--- Data shown Enclosed Below ---

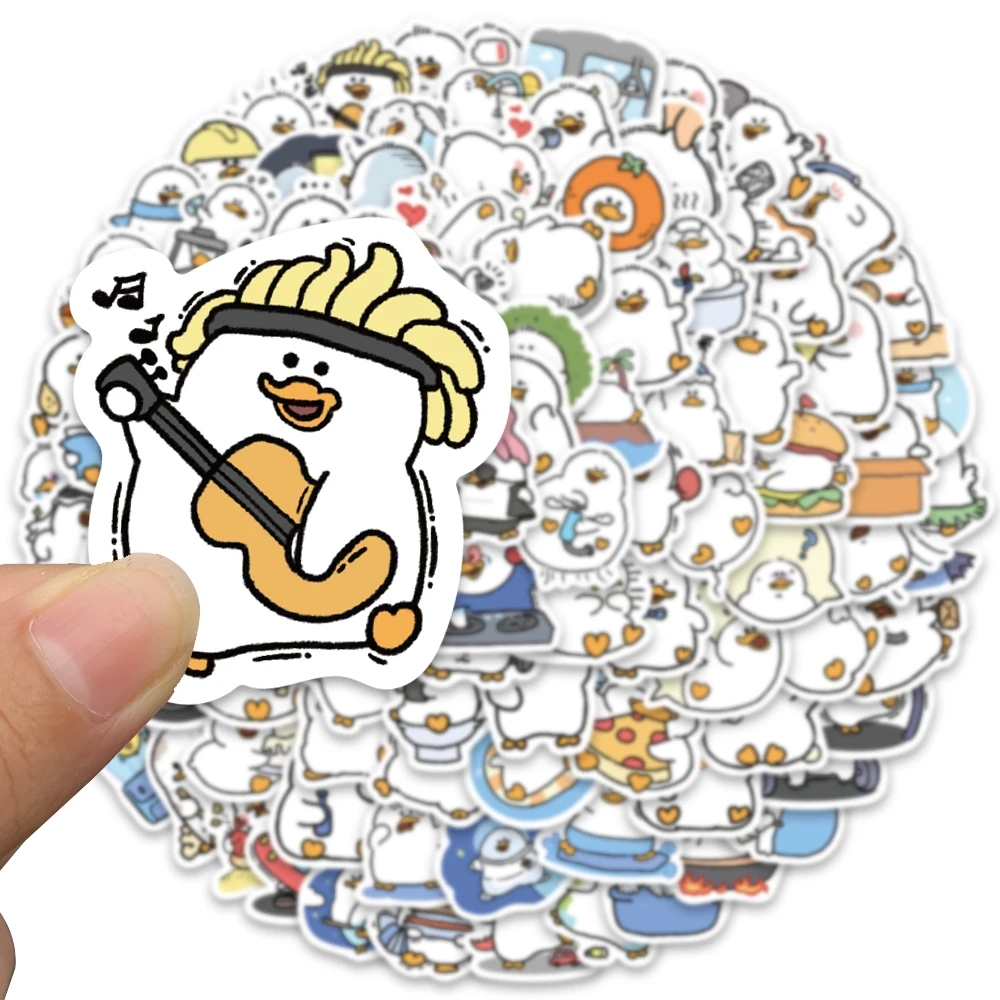 100pcs/pack Chubby Duck Cartoon Cute Plump Animal Stickers Scrapbook Laptop Phone Luggage Diary Car Motorcycle Sticker Toy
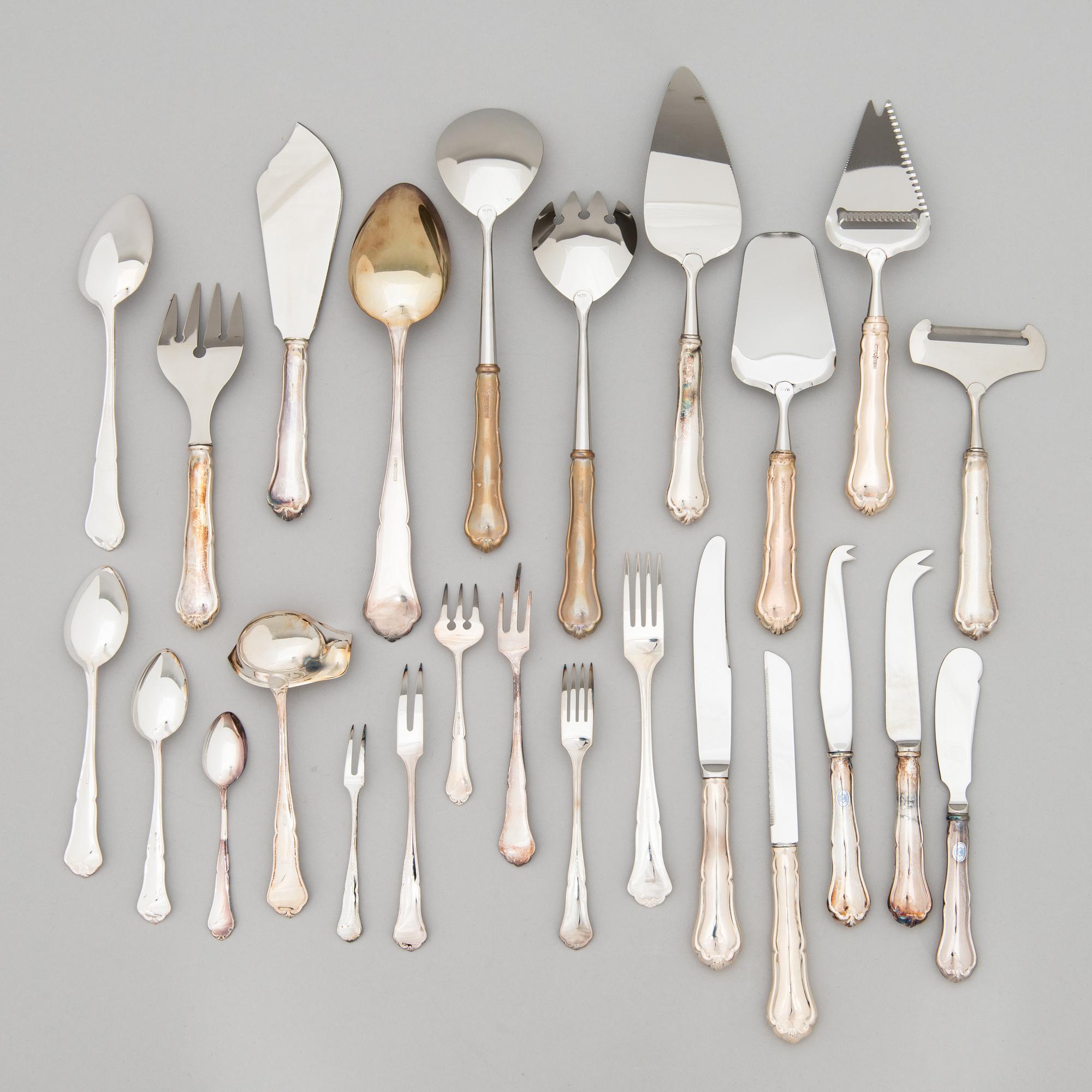 A 89-piece set of 'Chippendale' silver cutlery, Finnish hallmarks and control marks 1967-99.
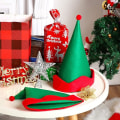 Miniatyrbild 3 av 5: 4 st gröna tomteluvor i filt, jultomteluva, jultomtehatt, juldekoration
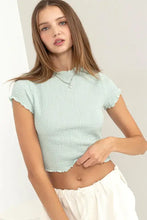 HYFVE Lettuce Hem Crop Top in light blue ribbed short-sleeve style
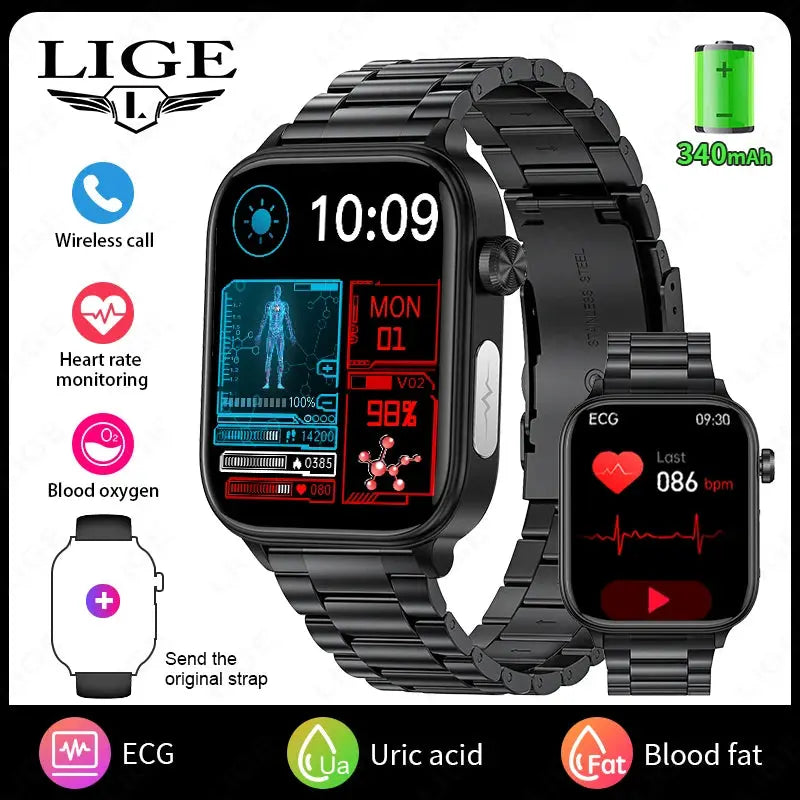 LIGE 2025 New AI Healthy Diagnosis Blood Lipid Uric Acid Blood Pressure Smart Watch Men ECG+PPG Bluetooth Call Health Smartwatch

--- End of Enclosed Data shown ---

Reproduce word for word the lines running from the line with "Miniatyrbild 3 av" through the end of the data, both included, and nothing else; leave out the pictures.

▶ _Task answer_:
 Miniatyrbild 3 av 5: 4 st gröna tomteluvor i filt, jultomteluva, jultomtehatt, juldekoration
 HYFVE Lettuce Hem Crop Top in light blue ribbed short-sleeve style
 LIGE 2025 New AI Healthy Diagnosis Blood Lipid Uric Acid Blood Pressure Smart Watch Men ECG+PPG Bluetooth Call Health Smartwatch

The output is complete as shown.